Research proposal on Heterogeneous Paxos 2.0
Together with @isheff we have been working on the heterogeneous consensus protocol, and developed a new version of the consensus algorithm called HPaxos 2.0. The main improvements of our proposed algorithm compared to the original version are summarized below.
Advantages of HPaxos 2.0
-
Explicit
broadcast
primitive
We assume a broadcast primitive, which sends each message to each acceptor and learner. For liveness, this primitive must provide the guarantee that each message received by one honest (safe and live) acceptor is eventually received by all acceptors. To guarantee this, the original Heterogeneous Paxos had each acceptor echo well-formed messages to all other acceptors.

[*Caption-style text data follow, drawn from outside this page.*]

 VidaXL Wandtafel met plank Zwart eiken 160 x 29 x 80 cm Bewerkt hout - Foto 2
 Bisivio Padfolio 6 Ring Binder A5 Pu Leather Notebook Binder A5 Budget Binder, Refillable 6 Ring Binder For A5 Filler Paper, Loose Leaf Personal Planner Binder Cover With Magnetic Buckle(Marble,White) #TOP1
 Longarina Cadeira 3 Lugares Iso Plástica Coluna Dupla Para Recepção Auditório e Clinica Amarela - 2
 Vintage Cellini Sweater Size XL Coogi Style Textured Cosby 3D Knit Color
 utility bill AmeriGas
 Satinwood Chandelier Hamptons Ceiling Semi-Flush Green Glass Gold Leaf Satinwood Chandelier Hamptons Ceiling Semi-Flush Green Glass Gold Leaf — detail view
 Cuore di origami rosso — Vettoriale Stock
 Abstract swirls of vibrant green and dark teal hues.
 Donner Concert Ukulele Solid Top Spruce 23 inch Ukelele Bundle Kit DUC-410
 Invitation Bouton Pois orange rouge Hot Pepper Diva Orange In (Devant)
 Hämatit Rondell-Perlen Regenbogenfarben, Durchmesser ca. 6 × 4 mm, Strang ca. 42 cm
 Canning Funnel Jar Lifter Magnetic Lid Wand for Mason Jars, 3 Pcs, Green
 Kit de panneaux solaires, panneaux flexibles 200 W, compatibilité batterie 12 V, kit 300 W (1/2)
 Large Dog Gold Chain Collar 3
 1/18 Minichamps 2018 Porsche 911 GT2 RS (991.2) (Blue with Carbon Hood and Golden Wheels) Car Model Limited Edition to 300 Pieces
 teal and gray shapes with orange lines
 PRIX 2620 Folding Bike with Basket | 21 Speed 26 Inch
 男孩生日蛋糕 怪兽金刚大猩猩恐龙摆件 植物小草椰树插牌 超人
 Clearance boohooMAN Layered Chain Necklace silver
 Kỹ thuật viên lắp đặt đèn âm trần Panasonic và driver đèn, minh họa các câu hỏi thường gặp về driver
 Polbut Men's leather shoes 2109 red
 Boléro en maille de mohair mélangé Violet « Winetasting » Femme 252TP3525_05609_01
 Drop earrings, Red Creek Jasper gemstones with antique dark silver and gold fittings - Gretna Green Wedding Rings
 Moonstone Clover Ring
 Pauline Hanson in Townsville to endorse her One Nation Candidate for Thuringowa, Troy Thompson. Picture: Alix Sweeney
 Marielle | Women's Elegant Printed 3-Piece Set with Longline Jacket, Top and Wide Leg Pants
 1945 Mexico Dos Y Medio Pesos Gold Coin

Instead, we leave the exact implementation of broadcast out of the Heterogeneous Paxos 2.0, allowing multiple possible implementation options. While echoing all messages would work, so would (for example) explicitly requesting unknown refs from a received message, which would (likely) require much less bandwidth. -
Optimized sending of 2a messages
Instead of sending a 2a message for each learner, as per the original algorithm version, we send a single 2a with a set of learners. Conceptually, this is similar to sending a set of 2a messages, but in practice, it is more efficient, both to send and to track with message references. -
One message in, at most one message out
Given the broadcast primitive and the 2a messages, we substantially simplify our protocol as follows. We remove all recursion and broadcast at most one message for each message received. Thus, instead of each actor receiving its own message in the same atomic action that it sends it (messages are broadcast, so actors receive their own messages), they receive them in some future action, just like any other message. -
Improved Byzantine behavior detection
The original protocol assumed the comparison of transitive history sets. In the new version, we ensure that each message specifies the previous message from the same sender. This makes it much easier to detect and implement certain kinds of Byzantine behavior without sacrificing any guarantees.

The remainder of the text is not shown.